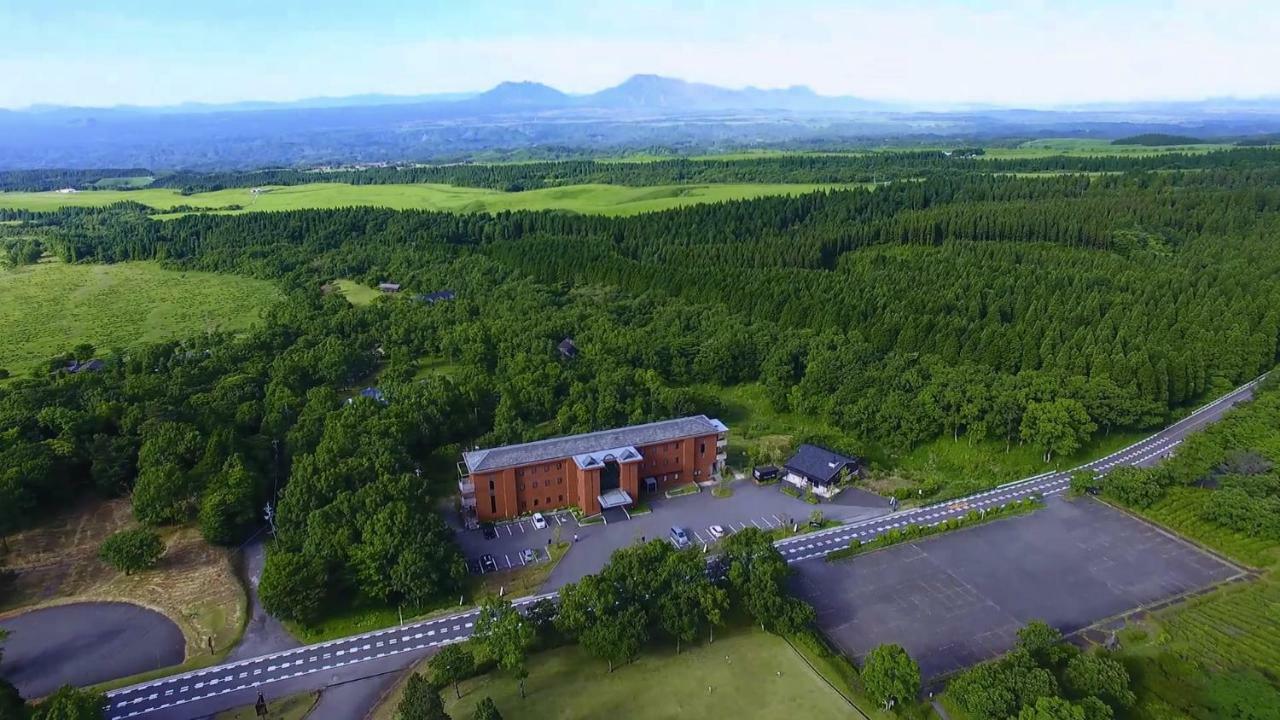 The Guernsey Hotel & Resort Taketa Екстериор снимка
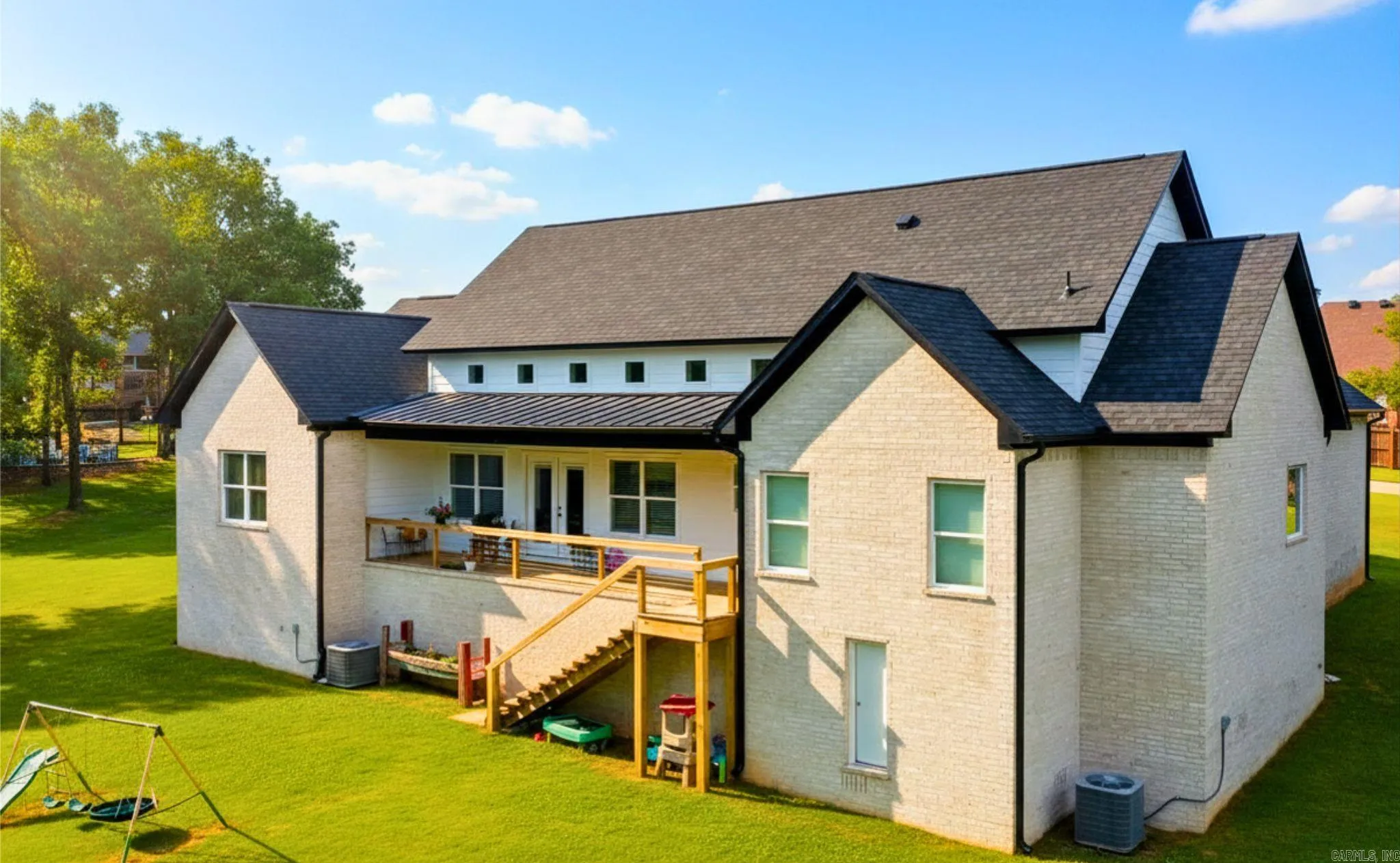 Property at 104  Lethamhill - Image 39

--

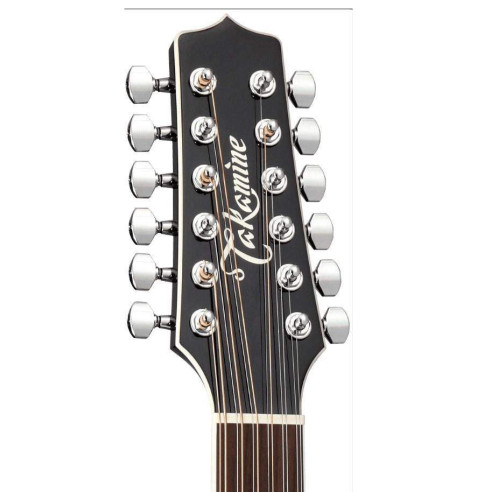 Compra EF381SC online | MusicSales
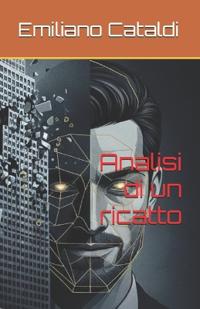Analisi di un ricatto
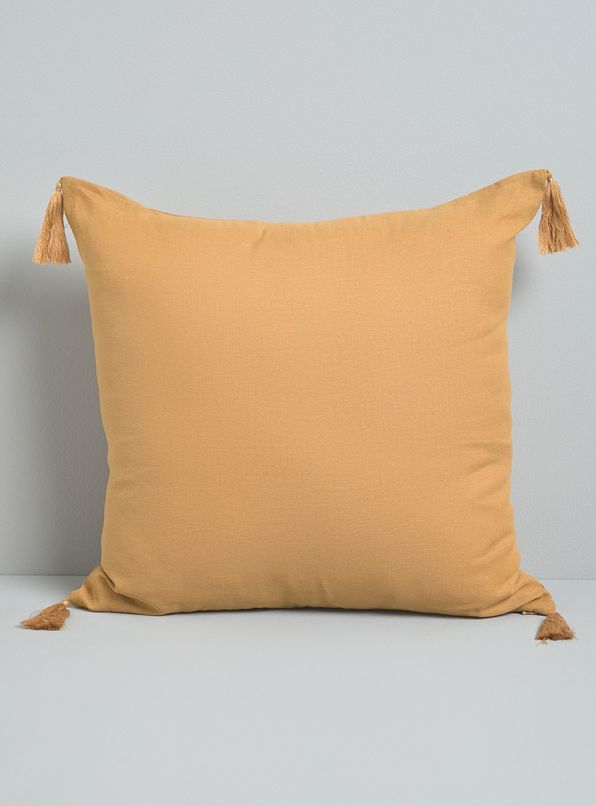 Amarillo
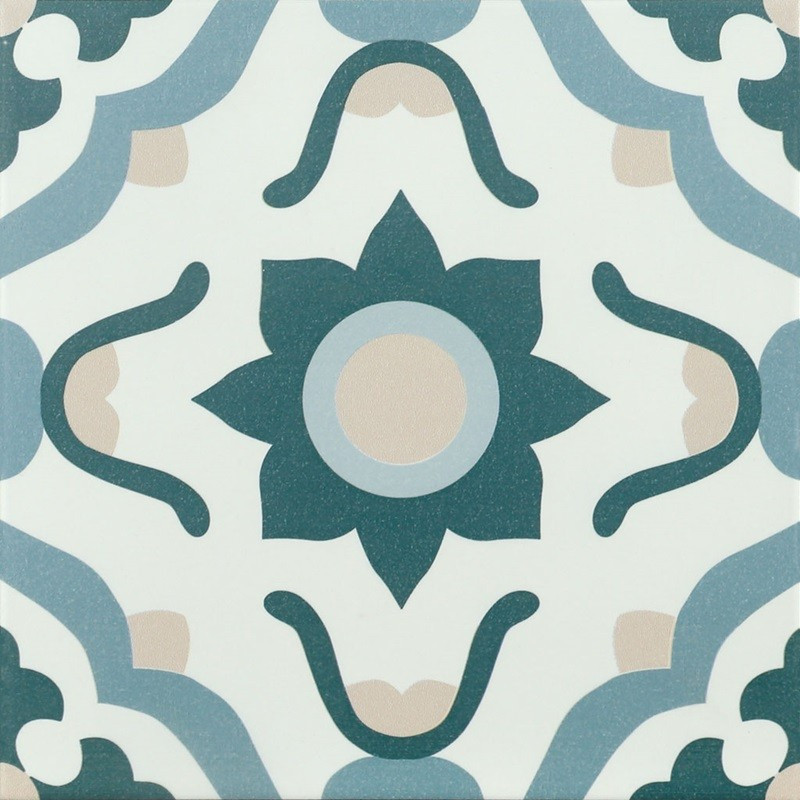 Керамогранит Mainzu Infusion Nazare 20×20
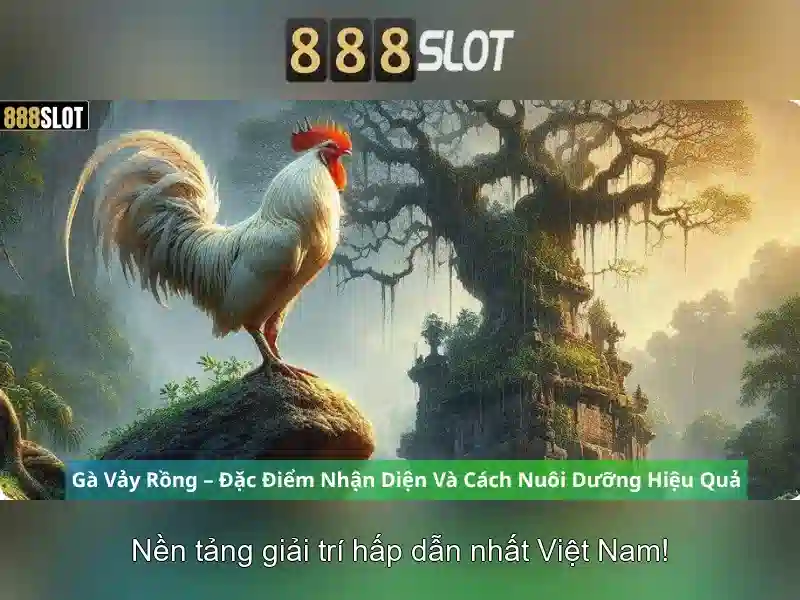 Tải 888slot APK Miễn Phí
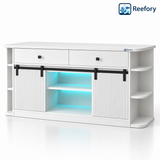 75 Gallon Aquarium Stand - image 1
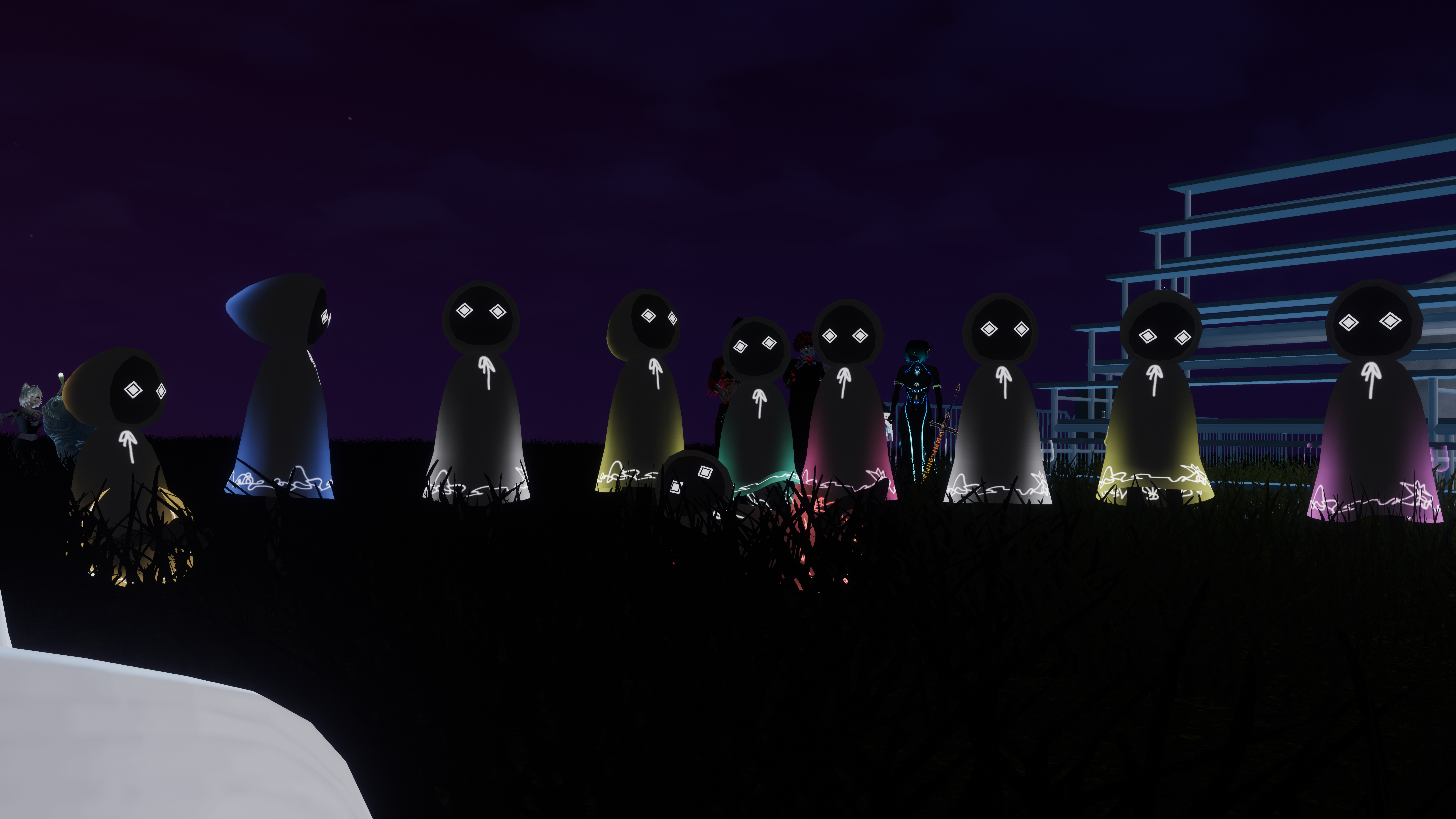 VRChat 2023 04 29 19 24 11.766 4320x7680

---

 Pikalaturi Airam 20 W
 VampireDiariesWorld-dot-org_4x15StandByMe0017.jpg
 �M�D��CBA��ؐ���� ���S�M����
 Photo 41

▶ **TO DO**:
Copy word for word the span of the records above that begins at the line with "The Guernsey Hotel" and ends at the line with "Property at 104", including those two lines but not the pictures.

▶ **SOLUTION BELOW**:
 The Guernsey Hotel & Resort Taketa Екстериор снимка
 Property at 104  Lethamhill - Image 39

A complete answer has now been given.